Shares of Universal Display (NASDAQ:OLED) plunged as much as 29.5% on Friday, following the release of disappointing third-quarter results. The stock recovered a bit to close at a smaller 20.5% drop.
The researcher of organic light-emitting diode (OLED) technologies saw third-quarter sales rise 26% year over year, to $77.6 million. Adjusted earnings increased 71%, to $0.72 per share. The analyst consensus was looking for earnings near $0.66 per share on revenues in the neighborhood of $91.4 million.
Management also set their fourth-quarter revenue guidance at roughly $245 million, far below the Street's $299 million consensus for the same period.

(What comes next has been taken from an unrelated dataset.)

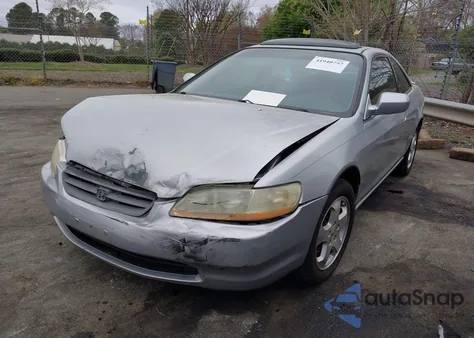 2000 Honda Accord 3.0 Ex из США, поврежденный, VIN 1HGCG2254YA029893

The implied year-end guidance from three months ago had been pointing to approximately $295 million.
In the earnings call, Universal Display CEO Steve Abramson said that flagship smartphones are launching with OLED screens all over the place, including two OLED-based iPhones this year. The order inflow from smartphone makers wasn't enough to support the company's original fourth-quarter estimates, though.
Abramson expects the smartphone situation to improve in 2019 and beyond, but the short-term pessimism remains. As for big-screen OLED televisions, those TV sets are selling as fast as Universal Display's TV-building clients can build them -- the shortage here is on the supply side. Business will grow in this sector about as fast as LG Display and Samsung can expand their OLED-making factories.
The stock took a drastic haircut due to a basket of short-term concerns, which doesn't come as a surprise. At the same time, the long-term growth prospects for this company still are fantastic. Smart investors might want to pick up a few shares at these deep-discount sale prices.